══ Task data

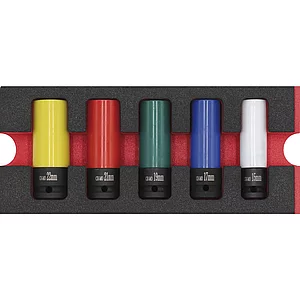 WGB Moflex Modul S Kraft-Schoneinsätze 6360 5-teilig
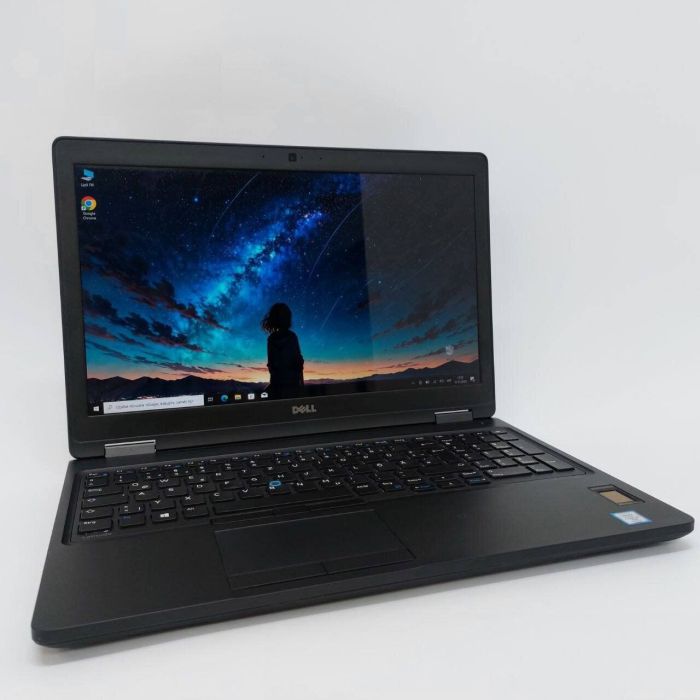 Ноутбук Dell Latitude 5580 / 15.6" (1920x1080) IPS Touch / Intel Core i7-7820HQ (4 (8) ядра по 2.9 - 3.9 GHz) / 16 GB DDR4 / 512 GB SSD / nVidia GeForce 940MX, 2 GB GDDR5, 64-bit / WebCam б/в - зображення 6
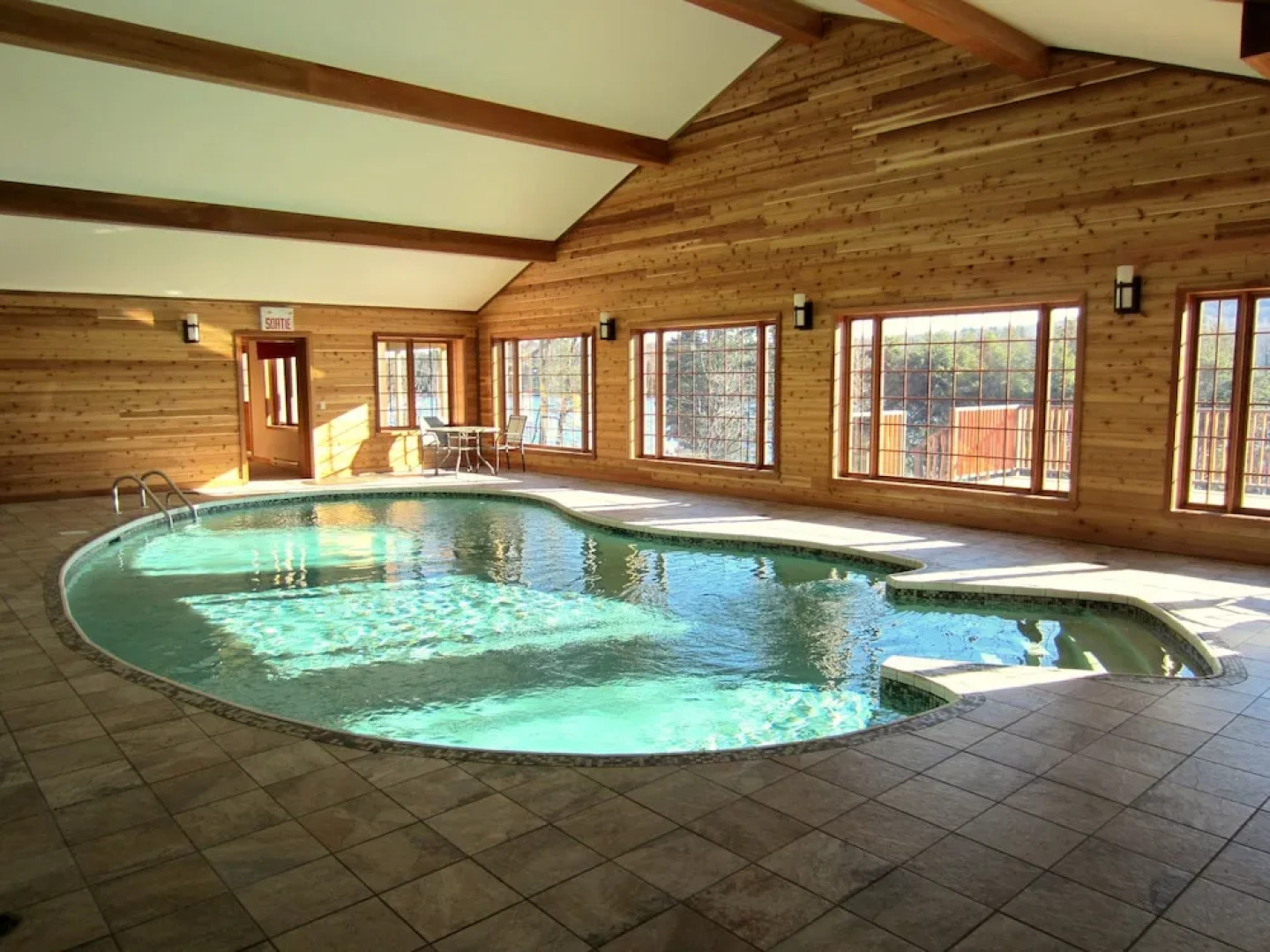 Chalets Lac A la Truite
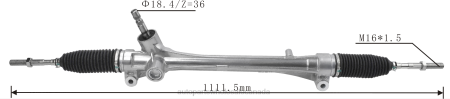 Car Parts Canada Review NV4L2474 Power Steering Rack 45510-48040 45510-0E010 45510-0T010 TOYOTA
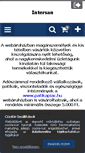 Mobile Screenshot of intersan.hu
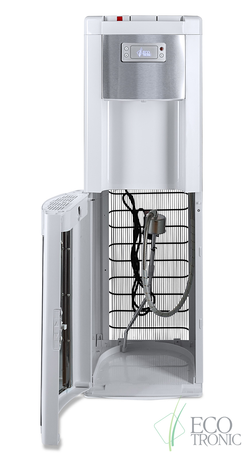 Кулер Ecotronic  P9-LX White+SS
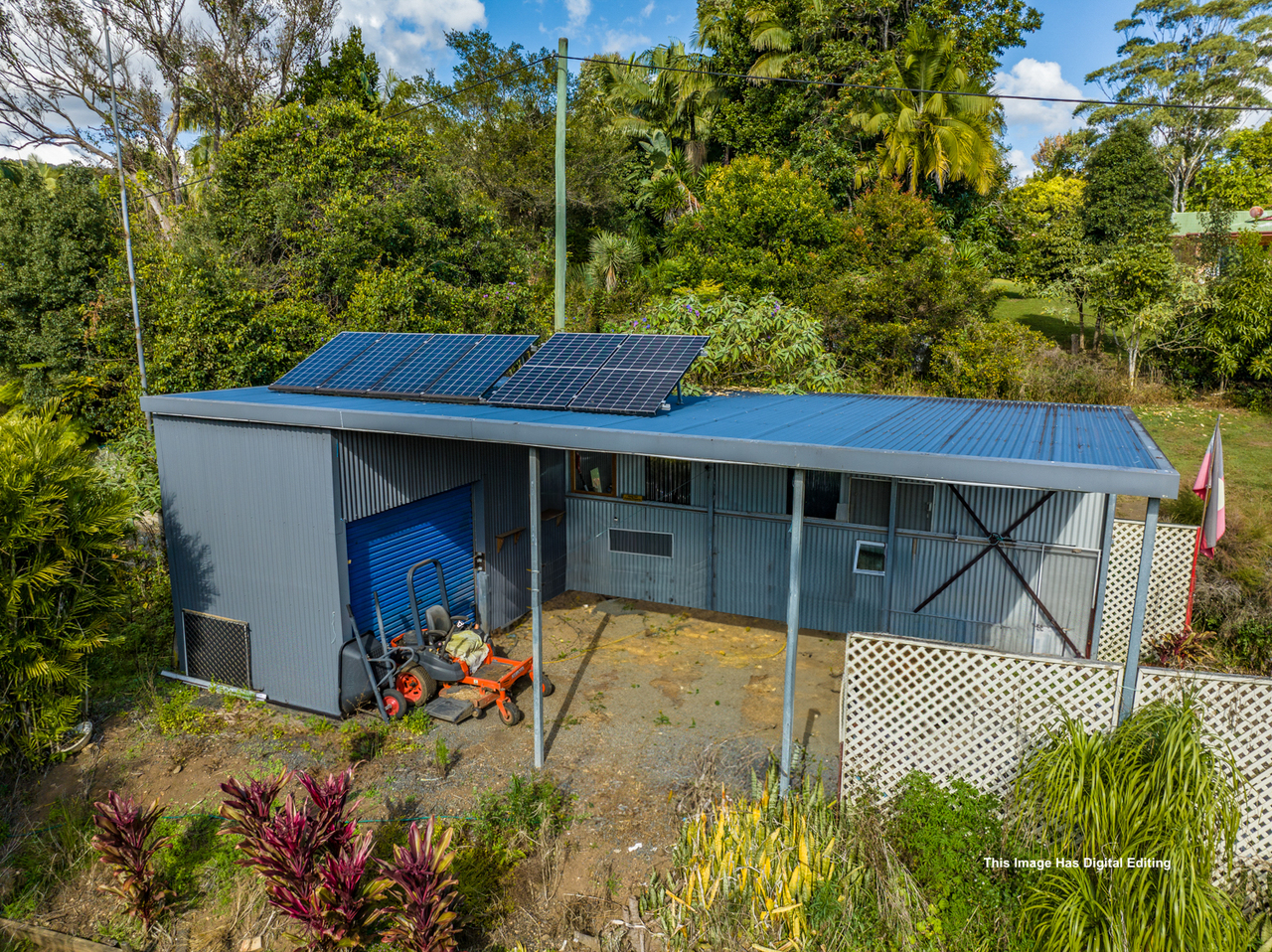 1-bedroom house at 110 Cullen Street, Nimbin, NSW 2480, Lismore, New South Wales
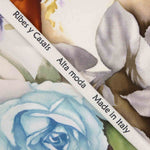 Klimt Floral Print Viscose - Ribes y Casals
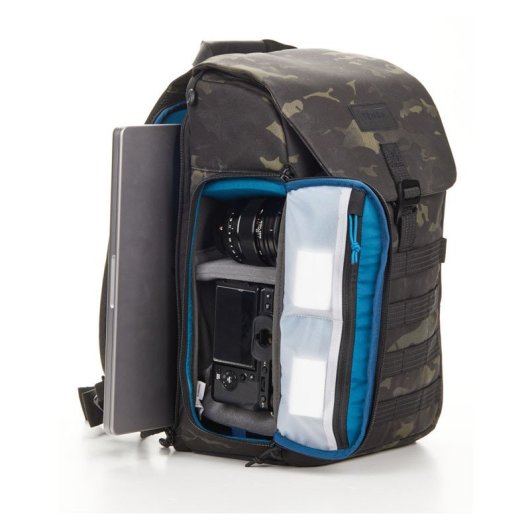 Mochila Tenba Axis V2 Lt 18l Multicam Negra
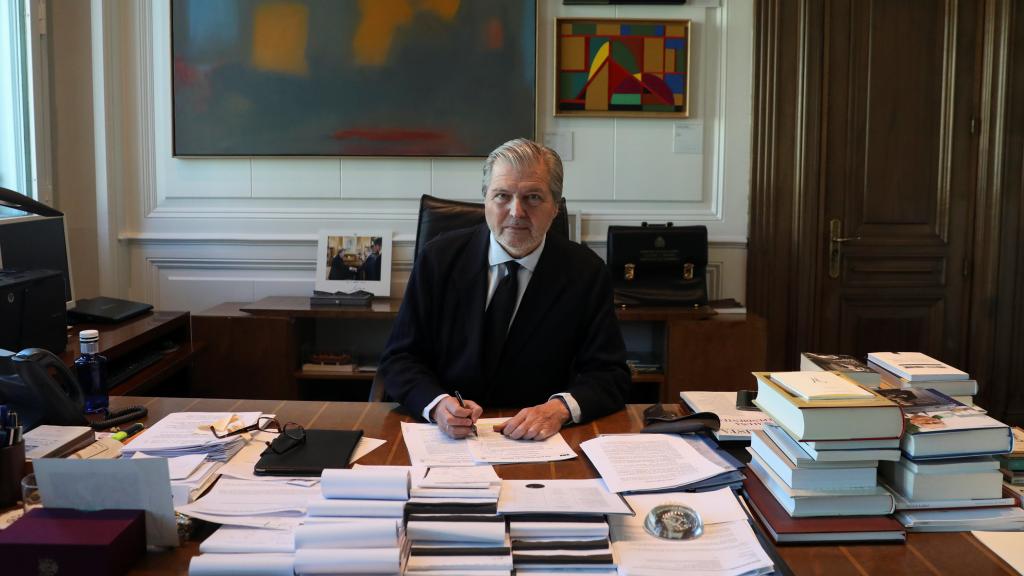 Méndez de Vigo, en una entrevista con la agencia Reuters.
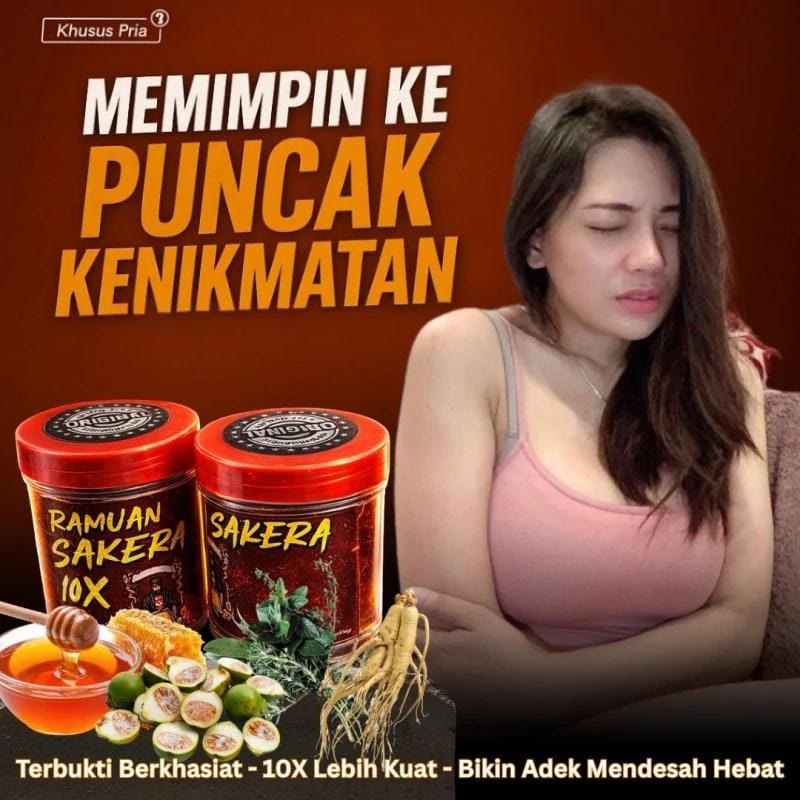 Promo Kapsul Sakera Herbal Jantan BK
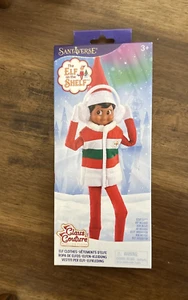 The Elf on the Shelf Claus Couture SantaVerse Outfits - Konvolut - gefütterte Weste - Bild 1 von 2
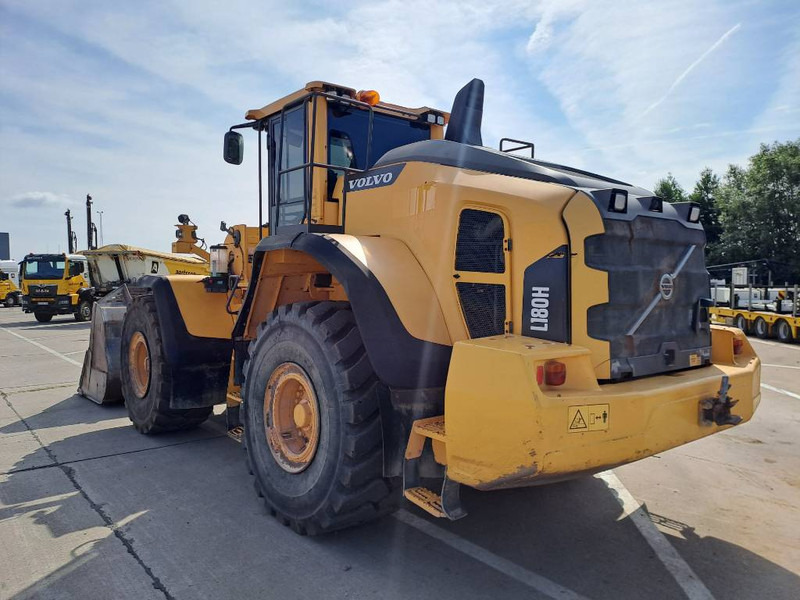 Volvo L 180 H - Колесен товарач: снимка 2 Volvo L 180 H - Колесен товарач: снимка 2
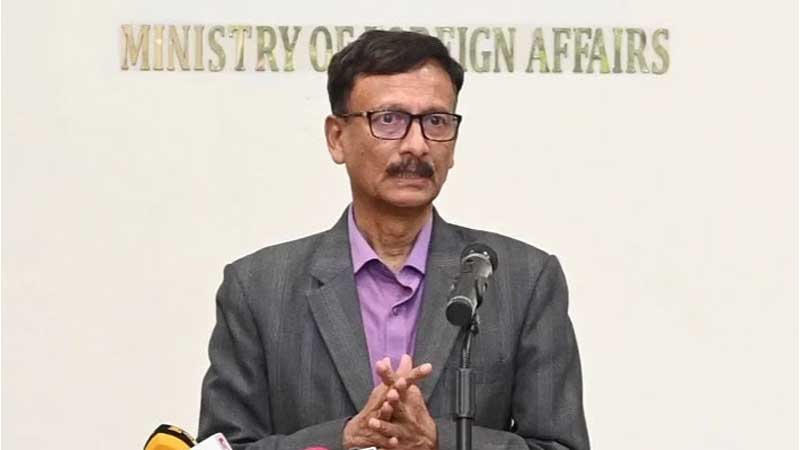 ভারতের সঙ্গে চুক্তি বাতিলের তথ্য সঠিক নয়: পররাষ্ট্র উপদেষ্টা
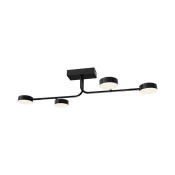Braytron LED visilica BRY-ARCANA-CL-32W-4H-CRNA-3000K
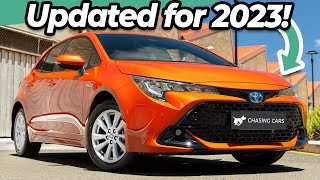 Toyota Corolla Hybrid 2023 review: more power, better tech, still GREAT fuel economy!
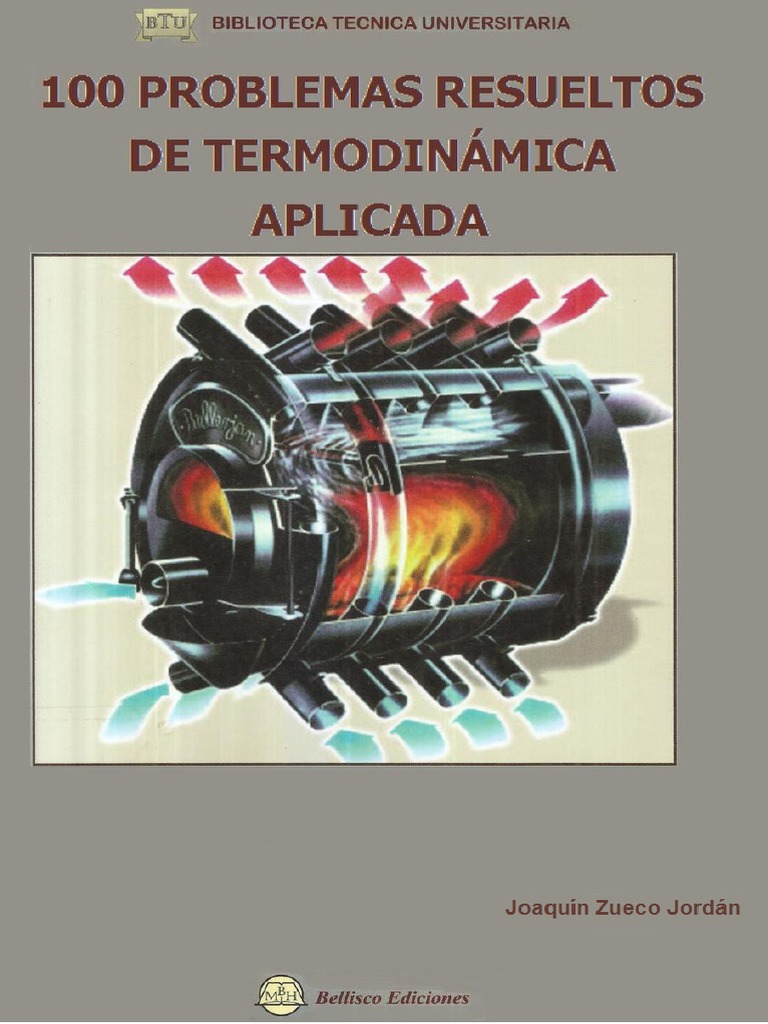 100 Problemas de Termodinámica Aplicada | PDF | Vapor de agua | Gases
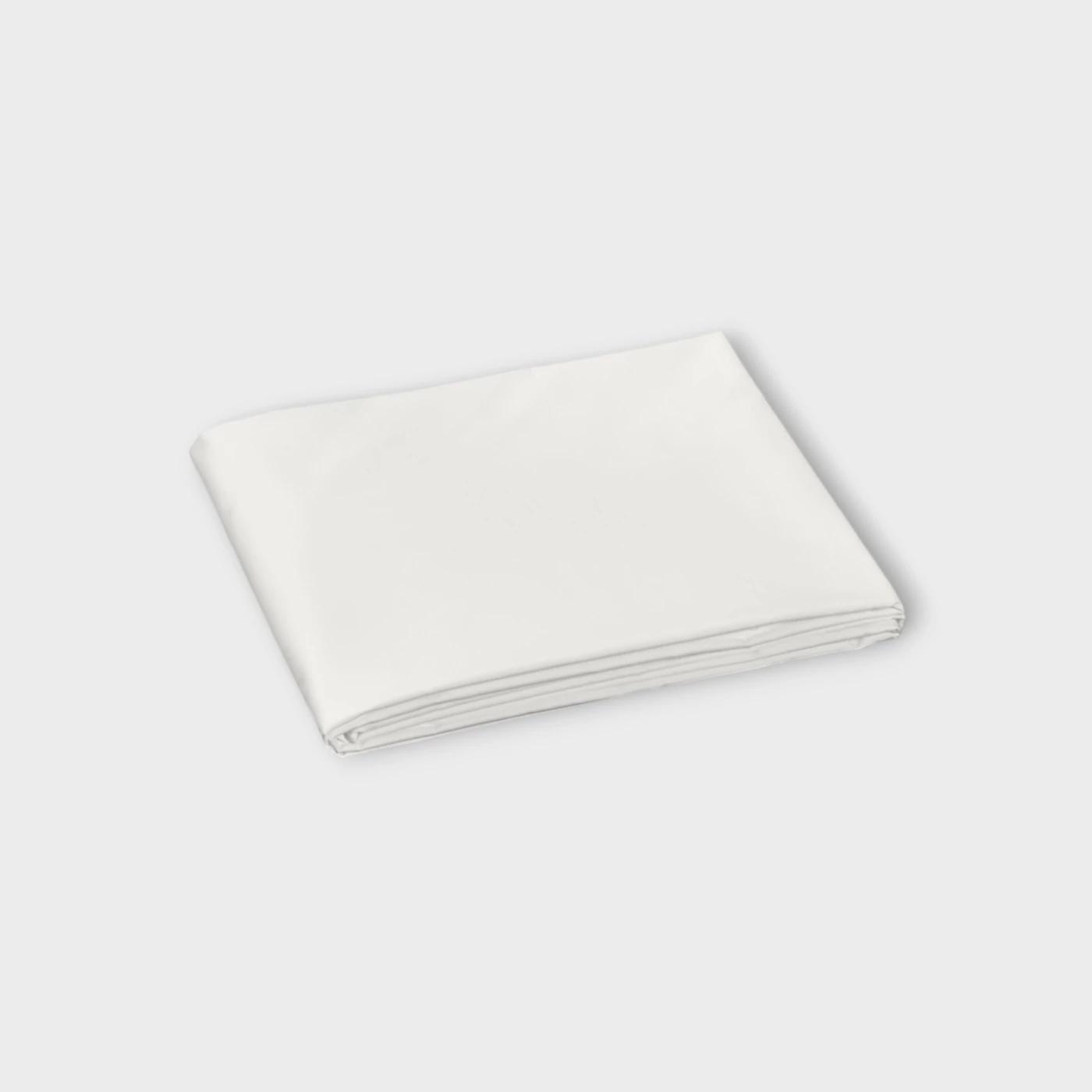 Biancheria da letto GUBBIO SOTTO LENZUOLO RASO RICAMATO white/silver grey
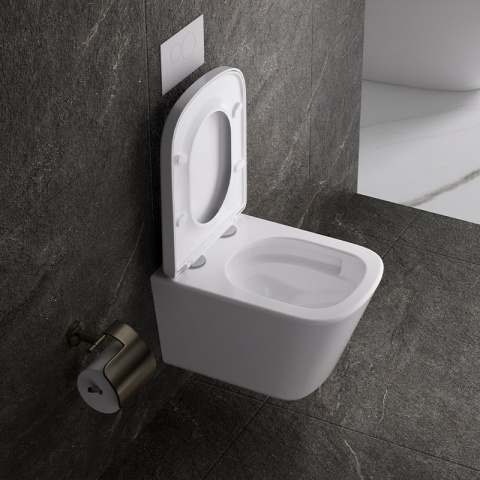 ZESTAW PODTYNKOWY WC STELAŻ GEBERIT DUOFIX MISKA VIVA-WH-TR-02 PRZYCISK DELTA 20 CHROM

════

• _Exercise details_: Copy the records above exactly. The pictures are not part of the copy.

• _Response for this exercise_:
 WGB Moflex Modul S Kraft-Schoneinsätze 6360 5-teilig
 Ноутбук Dell Latitude 5580 / 15.6" (1920x1080) IPS Touch / Intel Core i7-7820HQ (4 (8) ядра по 2.9 - 3.9 GHz) / 16 GB DDR4 / 512 GB SSD / nVidia GeForce 940MX, 2 GB GDDR5, 64-bit / WebCam б/в - зображення 6
 Chalets Lac A la Truite
 Car Parts Canada Review NV4L2474 Power Steering Rack 45510-48040 45510-0E010 45510-0T010 TOYOTA
 Mobile Screenshot of intersan.hu
 Кулер Ecotronic  P9-LX White+SS
 1-bedroom house at 110 Cullen Street, Nimbin, NSW 2480, Lismore, New South Wales
 Klimt Floral Print Viscose - Ribes y Casals
 Mochila Tenba Axis V2 Lt 18l Multicam Negra
 Méndez de Vigo, en una entrevista con la agencia Reuters.
 Promo Kapsul Sakera Herbal Jantan BK
 The Elf on the Shelf Claus Couture SantaVerse Outfits - Konvolut - gefütterte Weste - Bild 1 von 2
 Volvo L 180 H - Колесен товарач: снимка 2 Volvo L 180 H - Колесен товарач: снимка 2
 ভারতের সঙ্গে চুক্তি বাতিলের তথ্য সঠিক নয়: পররাষ্ট্র উপদেষ্টা
Braytron LED visilica BRY-ARCANA-CL-32W-4H-CRNA-3000K
 Toyota Corolla Hybrid 2023 review: more power, better tech, still GREAT fuel economy!
 100 Problemas de Termodinámica Aplicada | PDF | Vapor de agua | Gases
 Biancheria da letto GUBBIO SOTTO LENZUOLO RASO RICAMATO white/silver grey
 ZESTAW PODTYNKOWY WC STELAŻ GEBERIT DUOFIX MISKA VIVA-WH-TR-02 PRZYCISK DELTA 20 CHROM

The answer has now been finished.